Yvann Alexandre et Harold Rhéaume : Sous le signe du lien
Scène

Yvann Alexandre et Harold Rhéaume : Sous le signe du lien

Le Québécois Harold Rhéaume et le Français Yvann Alexandre se risquent à l’hybridation de leurs signatures chorégraphiques dans Jumeaux. Une oeuvre en trois volets sur ce qui nous sépare et ce qui nous rassemble.

C’est à l’occasion d’un séjour de ressourcement au Québec qu’Yvann Alexandre rencontre Harold Rhéaume, en 2004. D’emblée rapprochés par des préoccupations similaires, les deux hommes amorcent une série d’échanges professionnels franco-québécois qui vont s’échelonner sur plusieurs années avant que naisse le désir d’une création commune.

"Nos langages artistiques sont en totale opposition, mais nous avons de nombreux points communs, comme un souci particulier de la transition et un amour vraiment confiant envers le mouvement: nous ne ressentons pas le besoin d’utiliser du texte ou des arts conceptuels visuels, commente Alexandre. Cette rencontre en studio est une aventure unique, déroutante, complexe, mais ô combien oxygénante."

Avant de montrer cette oeuvre hybride, un quatuor de 40 minutes intitulé Les Fractions, les deux créateurs ont voulu affirmer leurs signatures respectives. Jumeaux est donc un programme triple dans lequel Alexandre signe Homogène Duo, une pièce inspirée du mythe de Narcisse et dans laquelle un individu dialogue avec son reflet. Quant à Rhéaume, il y étudie la fusion et la triangulation dans L’Autre. De styles très différents, quoique formels, les oeuvres sont traversées par les thèmes du double, du clone, de la similarité et de la différence. Car des différences, il y en a beaucoup entre les deux chorégraphes, et il n’a pas toujours été facile de composer avec elles.

"La gestuelle d’Yvann est très écrite, tout est codifié, comme des partitions avec un abécédaire complet que ses danseurs connaissent très bien, explique Rhéaume. Il lui suffit de donner une indication pour qu’ils trouvent le positionnement, le placement dans le corps et la qualité du mouvement. Il y a eu un gros choc avec mes danseurs. À l’inverse, je suis plus instinctif et spontané dans ma démarche: je laisse jaillir le mouvement dans mon corps avant de le transmettre, et l’implication de l’interprète dans ma gestuelle est importante. Ça demande plus de temps, ce qui, en studio, tout à coup, sous le regard des Français, créait une tension, un stress…"
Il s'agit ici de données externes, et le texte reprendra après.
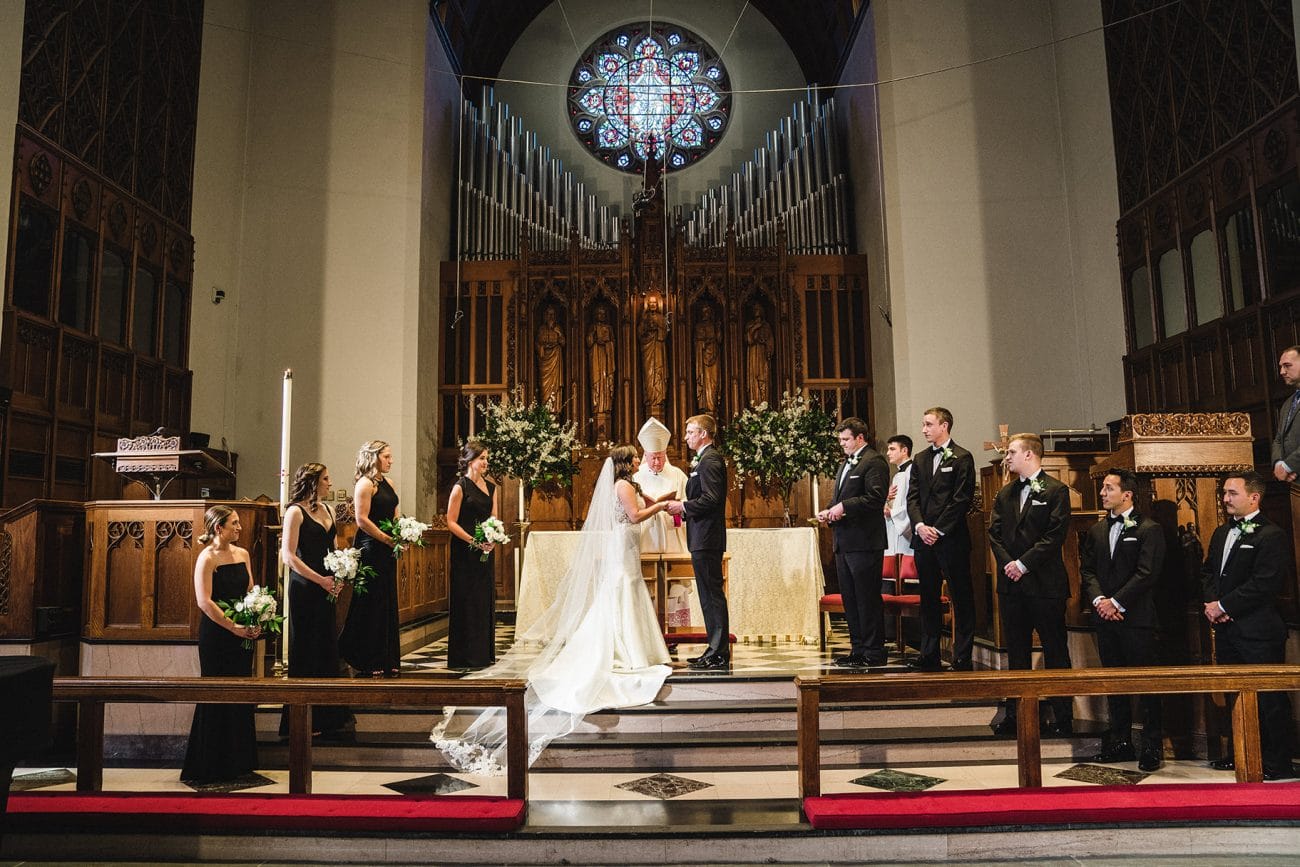 A documentary photograph of bride and groom saying their vows during their Boston Wedding Ceremony at Marsh Chapel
"J’ai ressenti exactement le même type de sentiments, confie Alexandre. J’aurais aimé pouvoir improviser et répondre instinctivement aux instantanés de mon ami Harold. Pour moi, ça a été une course contre la montre: j’avais la nuit pour finir des partitions pour être sûr d’être tranquille et serein le lendemain… En fait, on s’est associés parce qu’on est différents dans nos langages et nos processus, et on s’est rendu compte que seules les finalités étaient importantes. On passe par des chemins différents, mais on travaille l’un et autre pour que le geste soit le plus juste possible."

Entre partage et questionnements, les deux chorégraphes pensent avoir réussi une véritable fusion, cherchant sans cesse des solutions pour faire cohabiter leurs signatures sans jamais perdre leur intégrité. Au fil du temps, les six danseurs sont parvenus à s’accorder pour former un tout homogène. Et pour que la rencontre soit totale, il y a eu aussi mélange des équipes administratives, techniques et créatives. Une oeuvre qui témoigne d’une prise de risques et d’un engagement total de la part de tous.